▶ Task to carry out
Search the records below for "Duplo Wear Cloth". Return that line and all remaining lines exactly.

(Records contained in a dataset)
========================================================================
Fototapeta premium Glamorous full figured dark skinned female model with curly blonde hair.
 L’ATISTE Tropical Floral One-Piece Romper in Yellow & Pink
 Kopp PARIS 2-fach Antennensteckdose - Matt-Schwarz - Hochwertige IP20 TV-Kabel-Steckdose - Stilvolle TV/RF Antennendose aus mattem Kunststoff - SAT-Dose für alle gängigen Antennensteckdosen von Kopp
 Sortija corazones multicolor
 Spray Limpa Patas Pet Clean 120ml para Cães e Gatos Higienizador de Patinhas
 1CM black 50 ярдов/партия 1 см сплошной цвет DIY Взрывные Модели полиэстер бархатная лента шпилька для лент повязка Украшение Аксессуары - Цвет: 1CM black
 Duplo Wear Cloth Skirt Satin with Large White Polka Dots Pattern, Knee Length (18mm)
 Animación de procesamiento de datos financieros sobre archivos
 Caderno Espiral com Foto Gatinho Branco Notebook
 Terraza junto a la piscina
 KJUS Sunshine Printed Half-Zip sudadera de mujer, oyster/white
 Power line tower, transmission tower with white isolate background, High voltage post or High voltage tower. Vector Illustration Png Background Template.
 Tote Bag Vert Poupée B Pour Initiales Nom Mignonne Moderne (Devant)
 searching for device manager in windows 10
========================================================================
▶ Task solution
 Duplo Wear Cloth Skirt Satin with Large White Polka Dots Pattern, Knee Length (18mm)
 Animación de procesamiento de datos financieros sobre archivos
 Caderno Espiral com Foto Gatinho Branco Notebook
 Terraza junto a la piscina
 KJUS Sunshine Printed Half-Zip sudadera de mujer, oyster/white
 Power line tower, transmission tower with white isolate background, High voltage post or High voltage tower. Vector Illustration Png Background Template.
 Tote Bag Vert Poupée B Pour Initiales Nom Mignonne Moderne (Devant)
 searching for device manager in windows 10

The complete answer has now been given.